Trabajo como locutora de radio Pundonorosa de Miami. Cubro el turno de medianoche a seis de la mañana. Básicamente paso canciones de moda y, entre canción y canción, abro el teléfono, escucho preguntas de la audiencia y doy consejos sentimentales, laborales, familiares, incluso financieros, de toda índole. También me gusta dar mis opiniones políticas. Soy anticomunista radical, pistolera. Soy de derechas golpista, conspirativa, guerrillera. Siempre he pensado que los comunistas son todos unos tarados, personas de muy bajo coeficiente intelectual, brutos congénitos, sin cura. En general estoy a favor de los golpes de estado, pero no de los golpes militares, porque los militares son unos inútiles, sino de los golpes empresariales, plutocráticos. En este momento, por ejemplo, me declaro a favor de que Lorenzo Mendoza y Gustavo Cisneros den un golpe en Venezuela, y así lo he dicho a gritos en mi programa. También vería con gran simpatía que Bill Gates y Jeff Bezos diesen un golpe de estado en Washington. ¡Cómo me excitaría ver a Mark Zuckerberg entrando en una tanqueta a la Casa Blanca!
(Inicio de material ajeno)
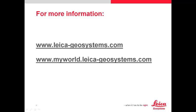If you need more information, please visit our website at leica-geosystems.com. You can also make support enquiries on MyWorld, and for those who are not already registered to MyWorld, we recommend to do so right now.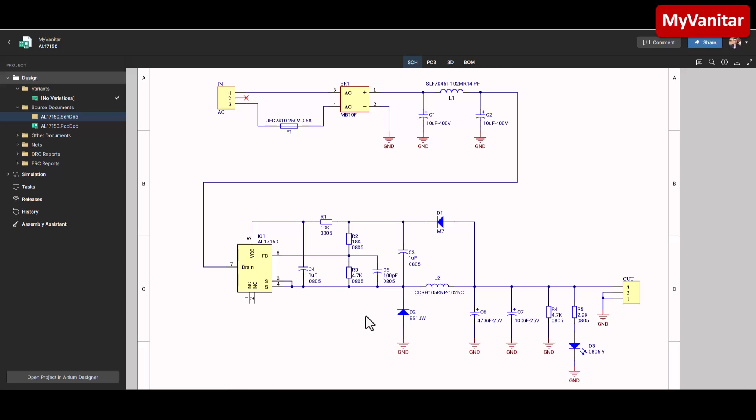I will explain in the article how you can calculate the values of these two resistors and also define the output current of the converter. These components belong to the buck converter circuit. Be careful about D2 — it is not an ordinary diode; it is a very fast diode with a recovery time of around 35 nanoseconds. L2 is a 1 millihenry SMD inductor, and C6 and C7 are output capacitors for noise reduction. R4 is a small dummy load to stabilize the output.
Mi programa lleva ya diez años en La Pundonorosa y se llama “Pasa la noche conmigo”. Tengo muy buenos ratings, especialmente entre las personas de sesenta y cinco años o más. Todo el mundo me conoce como La Doctora Pipiola y me trata de usted. Diré la verdad: no hago mi programa sobria. Estimulo mi lengua loca, viperina, bebiendo Baileys, el licor irlandés. Es una mezcla fantástica de whiskey y crema que me atiza el ánimo, me pone belicosa y me refina el humor. El whiskey me desinhibe, me da valor para decir lo que pienso, y la crema me sirve como digestivo y me manda al baño a desahogarme en las tandas comerciales. Gracias al Baileys, estoy flaca. Cuando llego a mi casita del Doral a las siete de la mañana, estoy un poco borrachina, sí, pero sin hacer escándalos ni bochornos. Vivo sola. Me he divorciado dos veces. No tengo hijos, no tengo mascotas, no tengo santos y virgencitas colgados en las paredes de mi casa. Tengo un retrato de Churchill, otro de Ronald Reagan y uno del papa Polaco. Ya les dije, soy de derechas y no tengo complejos en proclamarlo.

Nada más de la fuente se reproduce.